EXERCISE DESCRIPTION:
Write out the lines of the material below exactly, beginning at the line with "Side view of" and stopping after the line with "El yazısı metin", and leave out the pictures.

DATA FOR THIS EXERCISE:
--------------------------------

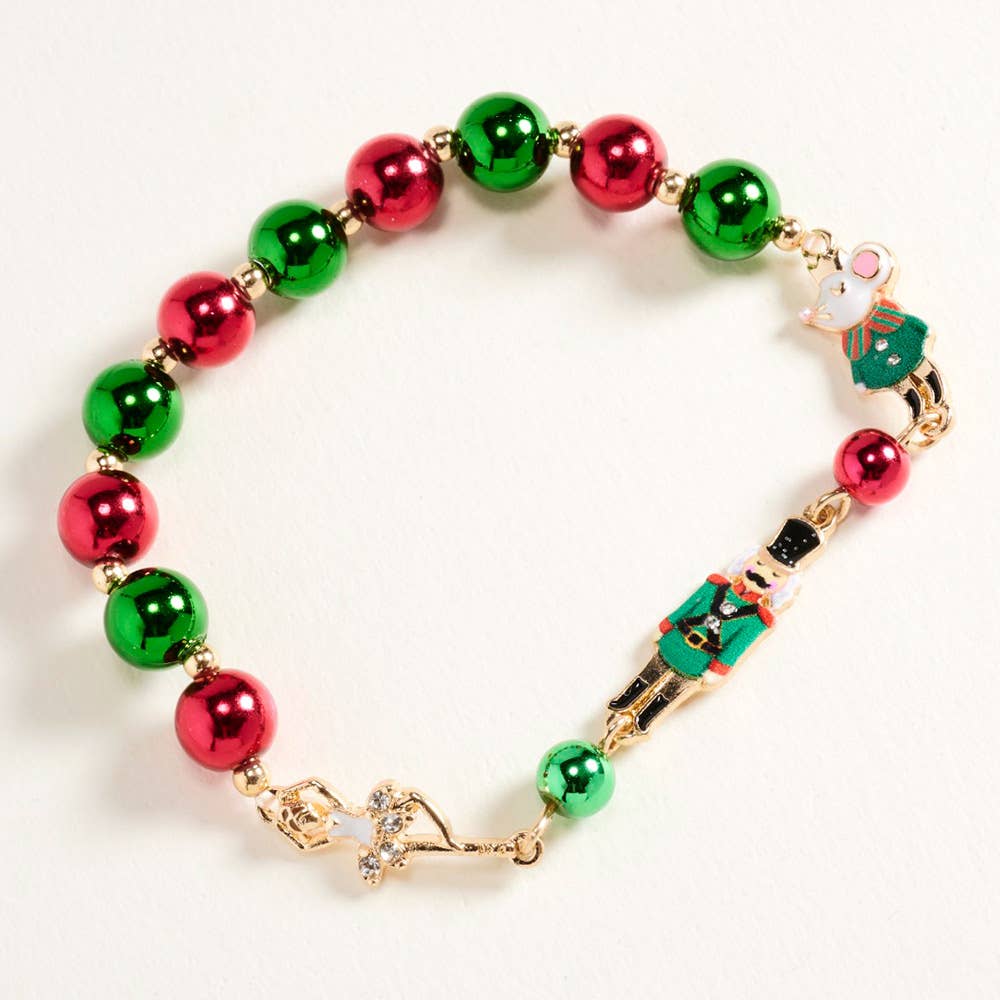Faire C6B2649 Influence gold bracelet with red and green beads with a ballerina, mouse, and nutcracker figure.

--------------------------------

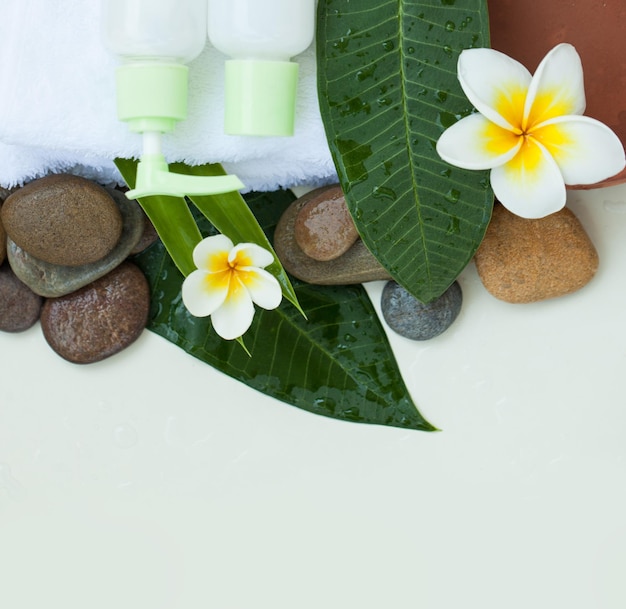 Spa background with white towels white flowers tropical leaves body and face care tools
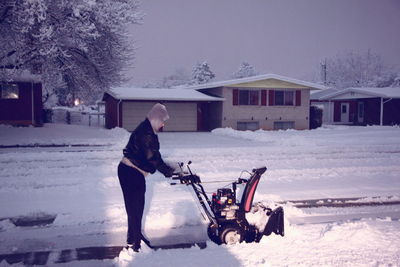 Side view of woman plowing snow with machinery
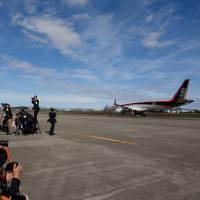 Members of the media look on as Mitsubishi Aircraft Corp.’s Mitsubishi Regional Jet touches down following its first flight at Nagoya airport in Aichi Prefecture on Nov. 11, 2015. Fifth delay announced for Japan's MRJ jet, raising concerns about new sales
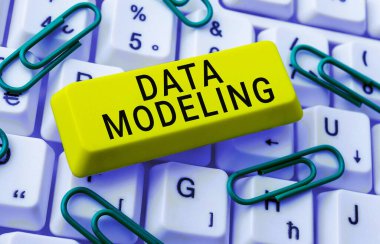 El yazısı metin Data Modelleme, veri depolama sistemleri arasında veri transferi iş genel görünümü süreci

--------------------------------

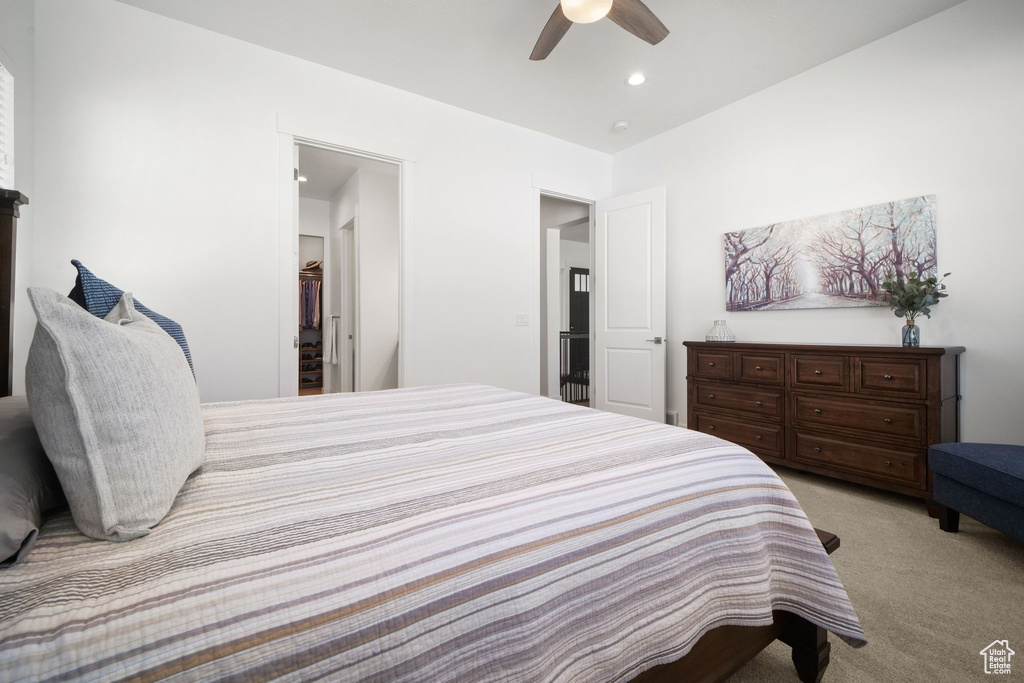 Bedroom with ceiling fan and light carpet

--------------------------------

YOUR SOLUTION:
 Side view of woman plowing snow with machinery
 Members of the media look on as Mitsubishi Aircraft Corp.’s Mitsubishi Regional Jet touches down following its first flight at Nagoya airport in Aichi Prefecture on Nov. 11, 2015. Fifth delay announced for Japan's MRJ jet, raising concerns about new sales
 El yazısı metin Data Modelleme, veri depolama sistemleri arasında veri transferi iş genel görünümü süreci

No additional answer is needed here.